INSTRUCTIONS TO FOLLOW:
Nothing but the records, repeated exactly, should form the response.
● ● ● ●
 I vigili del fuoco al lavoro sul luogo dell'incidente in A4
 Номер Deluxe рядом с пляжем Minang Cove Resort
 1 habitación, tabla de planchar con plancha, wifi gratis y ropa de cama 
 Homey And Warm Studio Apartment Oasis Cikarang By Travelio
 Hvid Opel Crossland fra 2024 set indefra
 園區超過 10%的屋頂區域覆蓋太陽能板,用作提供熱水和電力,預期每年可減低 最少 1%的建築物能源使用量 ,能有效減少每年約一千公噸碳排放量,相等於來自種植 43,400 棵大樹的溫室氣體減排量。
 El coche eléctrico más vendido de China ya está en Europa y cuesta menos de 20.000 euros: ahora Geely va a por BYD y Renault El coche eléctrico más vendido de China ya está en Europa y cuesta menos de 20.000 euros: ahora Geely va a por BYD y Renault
● ● ● ●
SOLUTION:
 I vigili del fuoco al lavoro sul luogo dell'incidente in A4
 Номер Deluxe рядом с пляжем Minang Cove Resort
 1 habitación, tabla de planchar con plancha, wifi gratis y ropa de cama 
 Homey And Warm Studio Apartment Oasis Cikarang By Travelio
 Hvid Opel Crossland fra 2024 set indefra
 園區超過 10%的屋頂區域覆蓋太陽能板,用作提供熱水和電力,預期每年可減低 最少 1%的建築物能源使用量 ,能有效減少每年約一千公噸碳排放量,相等於來自種植 43,400 棵大樹的溫室氣體減排量。
 El coche eléctrico más vendido de China ya está en Europa y cuesta menos de 20.000 euros: ahora Geely va a por BYD y Renault El coche eléctrico más vendido de China ya está en Europa y cuesta menos de 20.000 euros: ahora Geely va a por BYD y Renault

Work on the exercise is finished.